As much as the number of initial reads is important, this seems a little light to qualify as a confidence score... I guess the spread of values around barcode replicates and synonymous amino-acids could be used for that purpose, but neither is mentioned, despite means being considered (l584).

Finally, a potential weakness of the strategy could be discussed. In the construction scheme, each codon position is associated with a defined barcode core of 24 nts, while 6 barcode positions are degenerate. One can't really rule out a potential functional effect of the core barcode, which would then systematically impact all variants at that position. Are there ways to diagnose or mitigate such effects?

Reviewer #4: Systematic mutational scanning is a powerful technique that enables researchers to assess the functional impact of all possible point mutations in a gene within a single experiment, providing a comprehensive view of the relationship between protein sequence and function. However, generating libraries for these experiments is often prohibitively expensive and labor-intensive, with costs increasing proportionally to gene size.

The manuscript by Jann et al. introduces a cost-effective and accessible method construction of a barcoded library that addresses these challenges. Overall, the manuscript is clearly written and well-presented, and the authors' elegant approach to library design will be valuable for future DMS studies. I have just a few comments and questions that arose while reading the manuscript. Overall, I recommend this manuscript for publication in PLOS Biology.

1. It may be helpful to include a table summarizing coverage statistics for each of the two library fragments constructed in this study. This could include the number of transformants for the two cloning steps, sequencing reads, informative barcodes, mutation coverage, barcode diversity, and other relevant metrics.

2. While the oPool-based method is clearly more affordable than purchasing a commercial library, it appears potentially labor-intensive—particularly when synthesizing a large gene such as PDR1 in 43 separate fragments. Could the authors provide an estimate of how many days it would take to clone the entire PDR1 library using this strategy?

3. In Supplementary Figure 1A, the cost of cloning a commercially synthesized library is estimated at approximately $60 per amino acid position. I was curious how this number was calculated? Based on a rough back of the envelope estimate—assuming ~100,000 transformants per Gibson assembly reaction and thus approximately 10 reactions to cover a 300-aa barcoded library—the total cost in my mind would only be a few hundred dollars in total. Could the authors clarify the basis of the $60/aa cost?

Decision Letter 2

Richard Hodge

5 Jan 2026

Dear Christian,

Thank you for your continued patience while we considered your revised manuscript "Making deep mutational scanning accessible: a cost-efficient approach to construct barcoded libraries for genes of any length" for publication as a Methods and Resources Article at PLOS Biology. Please accept my sincere apologies for the delays that you have experienced during this round of the peer review process. This revised version of your manuscript has been evaluated by the PLOS Biology editors, the Academic Editor and two of the original reviewers. In addition, I have provided some specific remaining comments from the Academic Editor below the reviewer reports (labelled 'Comments from the Academic Editor').

Based on the reviews, I am pleased to say that we are likely to accept this manuscript for publication, provided you satisfactorily address the remaining points raised by Reviewer's #1 and #3. After discussions with the academic editor, we will not make the request to include additional validation for the screening of pooled sub-libraries essential for the revision, but we encourage you to include this data if you have it to hand.

In addition, please make sure to address the following data and other policy-related requests that I have provided below (A-G):

(A) We routinely suggest changes to titles to ensure maximum accessibility for a broad, non-specialist readership. In this case, we would suggest the following edit to the title. Please ensure you change both the manuscript file and the online submission system, as they need to match for final acceptance:

“A cost-effective and scalable barcoded library construction method for deep mutational scanning studies”

(B) We note that the Abstract is currently 71 words and we would be grateful if it could be expanded at this stage to around 150 words to fully contextualize and summarize the methodological developments offered by the study.

(C) You may be aware of the PLOS Data Policy, which requires that all data be made available without restriction: http://journals.plos.org/plosbiology/s/data-availability.
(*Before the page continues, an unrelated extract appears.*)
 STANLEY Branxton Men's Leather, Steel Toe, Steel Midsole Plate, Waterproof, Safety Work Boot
For more information, please also see this editorial: http://dx.doi.org/10.1371/journal.pbio.1001797

Note that we do not require all raw data. Rather, we ask that all individual quantitative observations that underlie the data summarized in the figures and results of your paper be made available in one of the following forms:

-Supplementary files (e.g., excel). Please ensure that all data files are uploaded as 'Supporting Information' and are invariably referred to (in the manuscript, figure legends, and the Description field when uploading your files) using the following format verbatim: S1 Data, S2 Data, etc. Multiple panels of a single or even several figures can be included as multiple sheets in one excel file that is saved using exactly the following convention: S1_Data.xlsx (using an underscore).

-Deposition in a publicly available repository. Please also provide the accession code or a reviewer link so that we may view your data before publication.
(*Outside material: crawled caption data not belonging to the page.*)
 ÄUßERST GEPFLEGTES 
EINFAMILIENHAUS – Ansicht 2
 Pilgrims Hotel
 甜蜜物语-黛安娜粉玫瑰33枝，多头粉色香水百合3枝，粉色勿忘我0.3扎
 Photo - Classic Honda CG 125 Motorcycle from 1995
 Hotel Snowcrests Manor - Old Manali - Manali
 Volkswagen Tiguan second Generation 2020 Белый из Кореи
Regardless of the method selected, please ensure that you provide the individual numerical values that underlie the summary data displayed in the following figure panels as they are essential for readers to assess your analysis and to reproduce it:

Figure 1B-D, 2B-C, S1, S2, S3, S4, S5B, S6, S9

NOTE: the numerical data provided should include all replicates AND the way in which the plotted mean and errors were derived (it should not present only the mean/average values).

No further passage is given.